I lie awake in bed most mornings and that is when I find my brain is at the peak of it’s creativity. There are no distractions. My room consists of nothing more than a bed, a tall chest of drawers and a small box with a round fan sitting on top. The light shines through the white Venetian blinds and the room is clean and airy.
In this Spartan space I think about what I am going to write next about my childhood. What can I write now without hurting someone? What must be saved for the book which will have to be published under a pseudonym? Will people believe the stories about the poltergeist or the fact that my sister’s leg was healed and grew out 5 inches in church one Sunday?
As I lay there I try to summon the exact adjective that will describe my life before I graduated high school. What was life like for me in those first 17 years?
Desperate to be loved, extremely sensitive, repeatedly rejected, picked on, made fun of – and all the while I still maintained a sense of who I was. I was positive, I believed in me. Those years made deep gouges in the flesh of what makes up Eddie Renz. I’ve become someone that went from being shy and reclusive to being the life of the party. There was a time when I prayed for friends and now I have too many.

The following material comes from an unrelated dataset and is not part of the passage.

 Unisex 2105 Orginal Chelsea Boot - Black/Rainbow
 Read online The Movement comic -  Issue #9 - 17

But moving past the past wasn’t easy and there are times when the words from my youth still come back to haunt me…
“Michael Jackson, you talk like Michael Jackson!” The boys would yell in the halls while were taking a water break. I was only in the 6th grade and I hadn’t given much thought to how my voice sounded – it was just my voice. I didn’t try to make it high, it’s just the way it was.
“How many of you got to pick the color of your hair?” Mr. Thomas asked the class after recess one day. “How many of you got to choose your skin color?” No one knew where Mr. Thomas was going with this, not even me. He finally continued, “Just like none of you got to choose your hair or skin color, Eddie cannot change his voice and so I want everyone to stop picking on him.”

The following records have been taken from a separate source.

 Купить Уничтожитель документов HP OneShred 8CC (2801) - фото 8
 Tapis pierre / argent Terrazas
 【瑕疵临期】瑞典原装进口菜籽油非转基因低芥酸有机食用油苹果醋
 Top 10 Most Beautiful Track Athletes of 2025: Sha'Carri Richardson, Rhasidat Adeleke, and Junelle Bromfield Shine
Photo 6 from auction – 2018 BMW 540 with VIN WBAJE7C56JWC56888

it had come to that level. Picked on so much that my teacher made an analogy in front of the whole class so that the kids would stop calling me Michael Jackson and Prince. Once one of my classmates, Jeff Rice, came back to the back of the class and started making fun of me. My eyes burned with tears and emotion and he laughed and zipped up my jacket which had a tall collar that covered have my face. He did it quickly. Zip! When he did it part of my cheek was caught in the zipper and it started bleeding.
I think this was actually what made Mr. Thomas say something. He finally realized that I wasn’t just being a baby, but that the students were actually being cruel to me.

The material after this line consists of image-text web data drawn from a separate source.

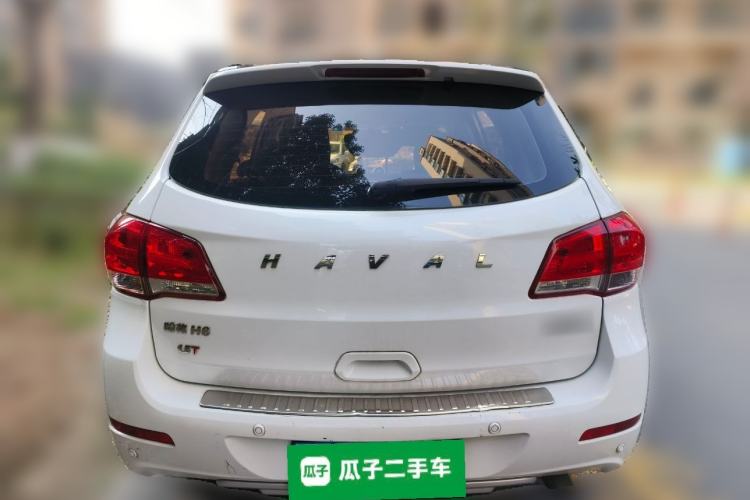 Used Haval H6 2017 Classic Edition 1.5T Manual Two-Wheel Drive Urban Model
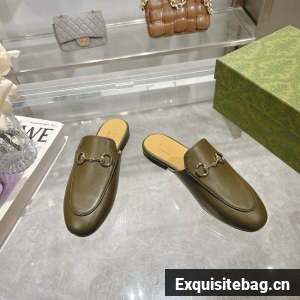 Gucci WOMENS PRINCETOWN SLIPPER 55274-4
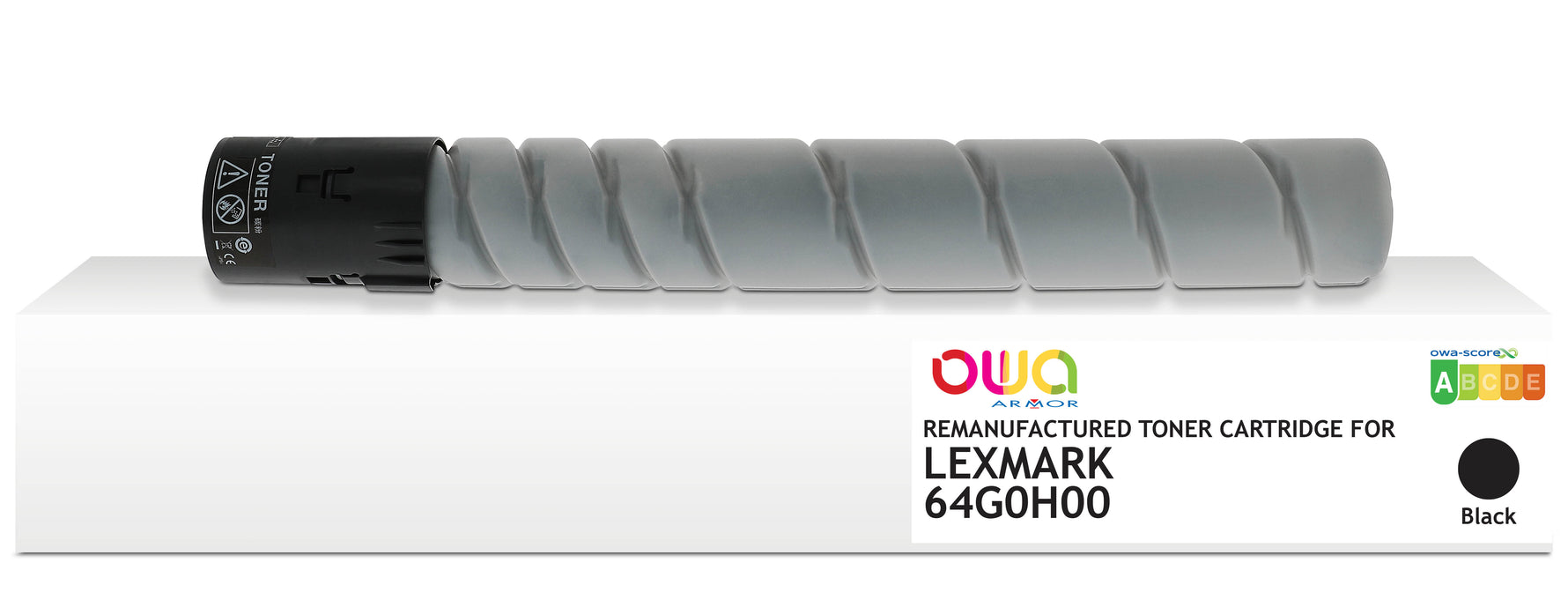 Lexmark Lexmark 64G0h00 - Remanufactured Toner Owa - Black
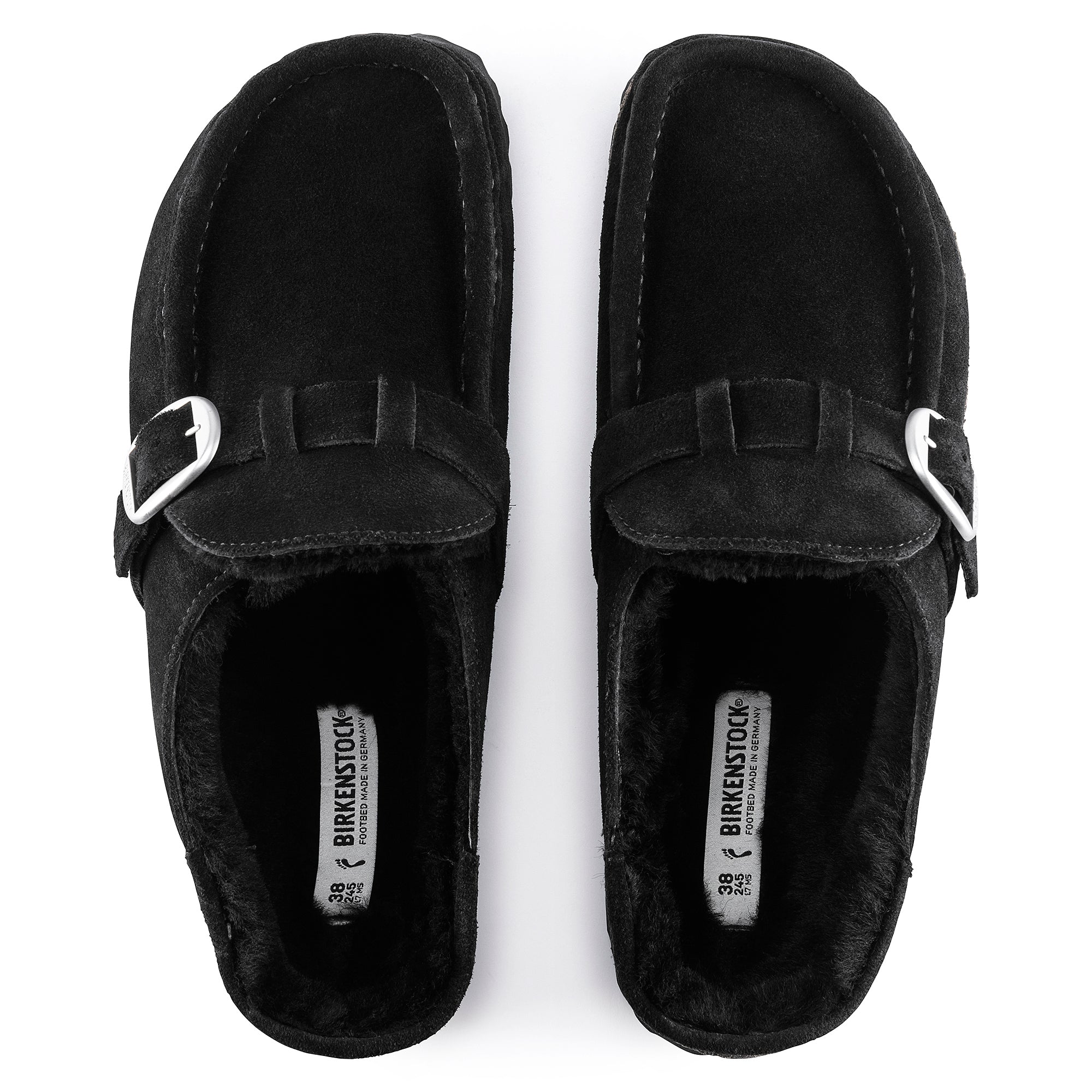 Birkenstock Buckley Shearling Clogs Women's 3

Our school had an a large pool outside and our entire class was swimming. I loved to swim, but this same kid Jeff came over and pointed at my chest and said, “Oh, my word, you have boobs!”
I had never considered my chest or my weight for that matter. I was just trying to swim and have a good time. It was at the young age of 10 that I realized I was fat. My inadequacies continued to pile up and there seemed to be no end to the jokes and name calling.
Over the years throughout my childhood and even beyoned I was plagued by my high voice, my weight and eventually my faith. I wasn’t crucified on a cross like Christ, but I was starting to understand what it meant to be persecuted.
During my 7th grade year my parents became youth pastors at a small Pentecostal Church in Sanger. We were an “on-fire” little group and I understood that being a Christian was about standing up for my faith. We wore Christian t-shirts to school and when I was at church I was actually pretty popular. At church I was accepted, but at school I continued to be an outcast.
I felt like my weekends were spent recuperating from being on the front lines. All week long I was called names like Queer and Fag because of my high voice. Back in the 80’s being called a fag or a queer was one of the biggest insults. I played football and despite the fact that I was good, I still didn’t get along with my teammates. It was us against them, the Christians against the non-Christians.
Finally, when it seemed that everyone in the world was against me, my mother finally decided to take us out of public school and put us in home school. Finally, a reprieve from Hell, but little did I know then that running away from a problem doesn’t correct it – sometimes it only makes it worse.